Message-ID:  <Pine.BSF.3.96.990706054644.296B-100000@fledge.watson.org>
In-Reply-To: <199907011413.AAA02422@cheops.anu.edu.au>

next in thread | previous in thread | raw e-mail | index | archive | help
On Fri, 2 Jul 1999, Darren Reed wrote:

> > It appears that the process accounting in FreeBSD is a remnant of a bygone
> > era, where all cpu time was costly and had to be accounted for.
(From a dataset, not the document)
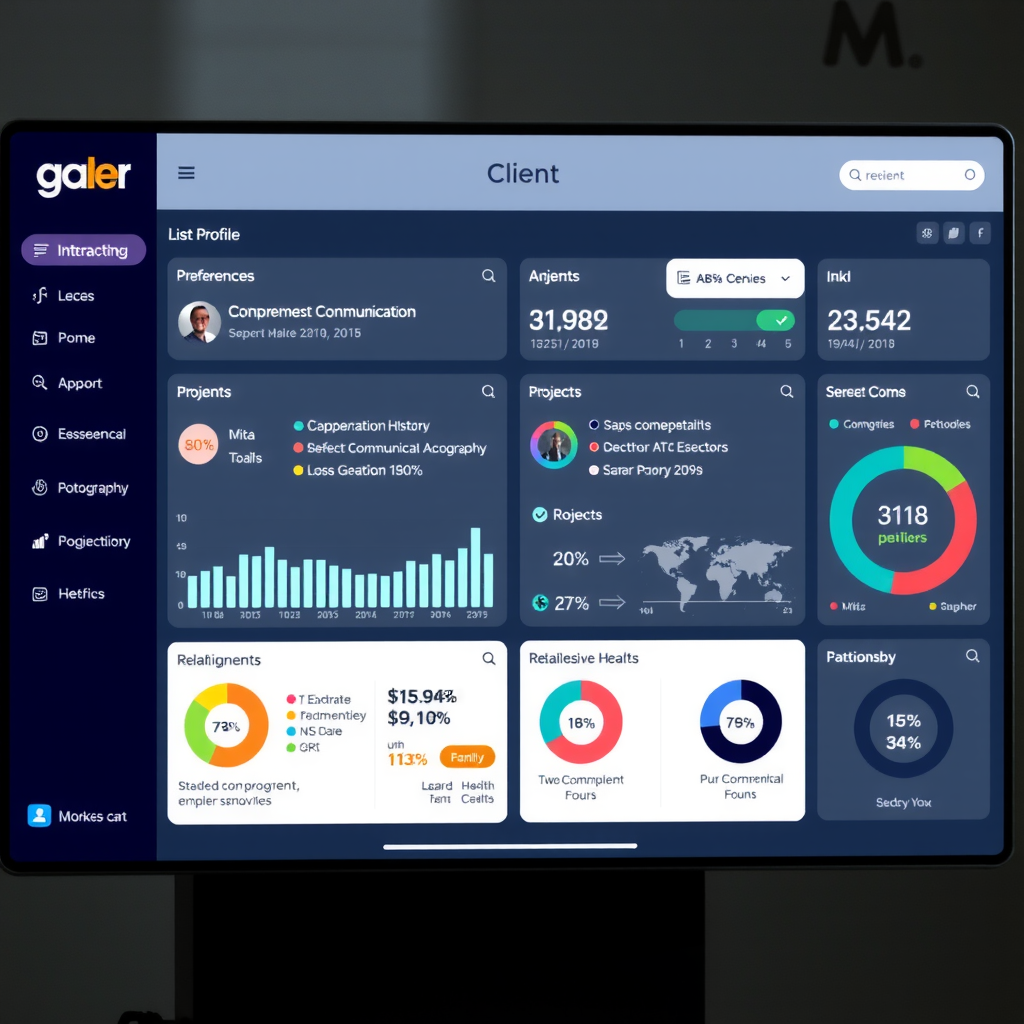 Comprehensive client profile interface displaying preferences, communication history, project statistics, and relationship health metrics with modern data visualization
From a
> > security perspective, process accounting would need to:
> > - log uid, gid, and euid of the user calling the process.
> > - log the process name, executable name, and path to the executable.
> > - log arguments to the process being executed.
> > - log date and amount of time the process took to complete.
> > - log the tty the user who called the process executed it from.
> 
> Process accounting provides information for what it was intended to do.
> Attempting to use that information for different purposes is going to
> lead you down the garden path.  Process accounting is still useful, in
> its current form, so `fixing' it is not the right thing to do.
> 
> What's required here is auditting.  I *think* the POSIX security module
> being worked on at present is more in line with what you're aiming to
> achieve.  If you've got access to Solaris, checkout the man pages for
> auditd, bsm, etc.

Sorry for the delay in getting back to you -- I've been traveling for the
last week and have just settled down in Cambridge to do a few weeks
research on tamper-proof hardware :-).  Indeed, I am working on a POSIX.1e
auditing module for FreeBSD.  I've largely completed userland libraries,
and Nate Williams and myself are working on adapting the KTRACE interface
to provide a nice backend for it.  I have an initial version online that
captures a few syscalls for the sake of demonstration, but I have a lot of
new code that is currently on my notebook here in the UK, but not
connected to the network.

I've been playing with an intrusion detection interface for the auditing
support, and have a few modules that catch the standard things (creation
of setuid binaries (i.e., backdoors), etc).  Similarly, I have a module
that looks for long strings being passed as arguments to programs, as well
as coredumps in daemons that have bound network ports.  I have a simple
expression language that allows a generic IDS module to watch for sets of
events with certain properties, although the parser needs some more work. 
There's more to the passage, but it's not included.